For this exercise, retype all the data exactly and exclude every image.

_Supplied data_.
++++

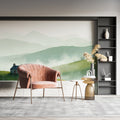 Mountain landscape wallpaper creating depth in a modern living room with natural light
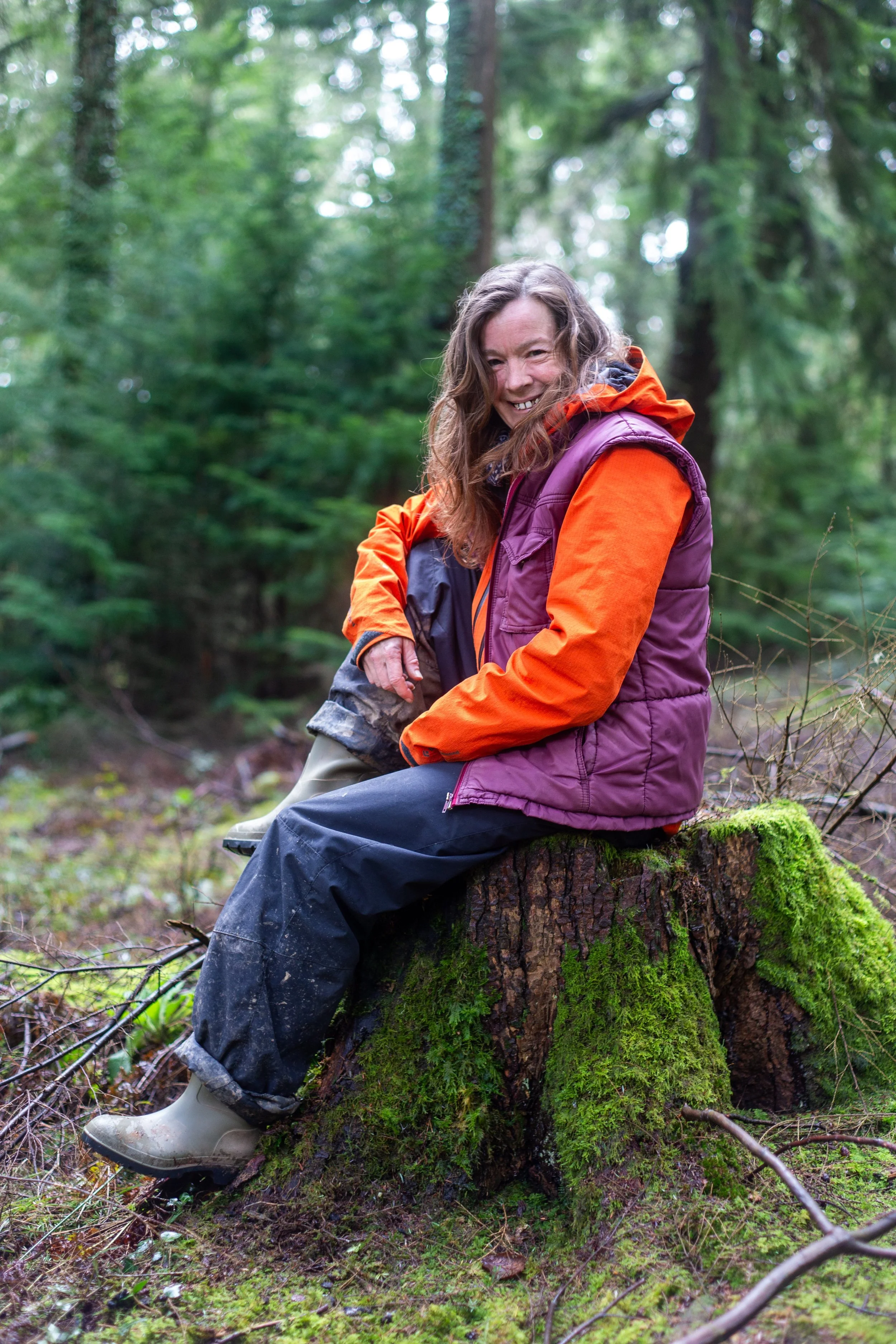 A woman sitting on a moss-covered tree stump in a forest, smiling and wearing outdoor clothing including a purple vest, orange jacket, and rubber boots.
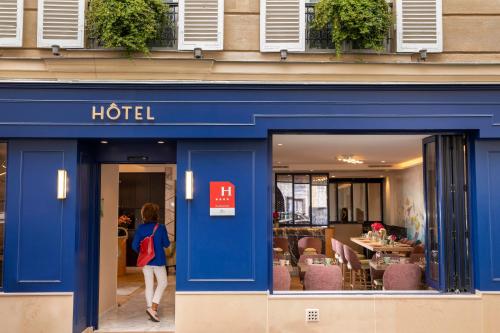 a woman walking in front of a hotel at Hôtel des Arts Montmartre in Paris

++++

_Response to this task_.
 Mountain landscape wallpaper creating depth in a modern living room with natural light
 A woman sitting on a moss-covered tree stump in a forest, smiling and wearing outdoor clothing including a purple vest, orange jacket, and rubber boots.
 a woman walking in front of a hotel at Hôtel des Arts Montmartre in Paris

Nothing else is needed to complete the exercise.